本部の方針や販促施策、店舗ごとの数値データだけでは分からないリアルな現場の声や温度感を拾い上げるため、臨店はフランチャイズ運営の要と言っても過言ではありません。

臨店の主な目的

店舗の状況を正しく把握することが大前提となります。売上データやシフト表、衛生状態、接客の様子、在庫の動きなど、さまざまな視点から店舗を観察します。その上で、店舗が直面している課題に対して本部からの提案や指導が行われます。

また、臨店は単に現場を「管理」する目的だけでなく、「支援」を重視したスタンスも求められます。加盟店が独立した経営主体であることを尊重しながら、成果につながるアドバイスを届ける姿勢が重要です。

加盟店にとっての臨店の意味

加盟店にとって臨店は、本部との関係を深める貴重な機会でもあります。定期的に訪問してもらうことで、孤立感が減り、悩みや課題を相談しやすくなります。売上改善のアドバイスや業務効率の見直しなど、実務的なサポートも得られます。

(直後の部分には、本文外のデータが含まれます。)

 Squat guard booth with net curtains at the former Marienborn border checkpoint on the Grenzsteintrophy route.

ただし、臨店の頻度が高すぎたり、指導内容が一方的であると、自由な経営が阻害されたと感じる加盟店もあるため、本部側には配慮が必要です。

フランチャイズ本部にとっての臨店の役割

本部にとっては、チェーン全体の品質維持とブランド統一のために、臨店は欠かせない活動です。直営店のように完全にコントロールできない加盟店に対しても、定期的なコミュニケーションを通じて水準の維持を図る必要があります。

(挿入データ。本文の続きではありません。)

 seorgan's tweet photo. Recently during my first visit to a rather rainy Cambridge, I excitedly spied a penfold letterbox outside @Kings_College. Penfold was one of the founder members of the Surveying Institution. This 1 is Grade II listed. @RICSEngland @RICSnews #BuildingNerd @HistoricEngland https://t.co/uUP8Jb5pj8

近年では、SV自身のスキル向上や訪問の効率化のため、タブレットを使った点検システムや、訪問記録のデジタル管理なども進んでいます。また、コロナ禍を機に、オンラインでの「リモート臨店」など新しいスタイルも広がりつつあります。

臨店の今後と進化

これからの臨店は、単に本部からの監視や指導という形ではなく、より柔軟で双方向的な「支援型」へと変化していくと考えられています。AIやIoTを活用した遠隔サポート、加盟店が自ら課題に気づけるような仕組み作りなども求められており、時代とともに臨店のあり方も進化しています。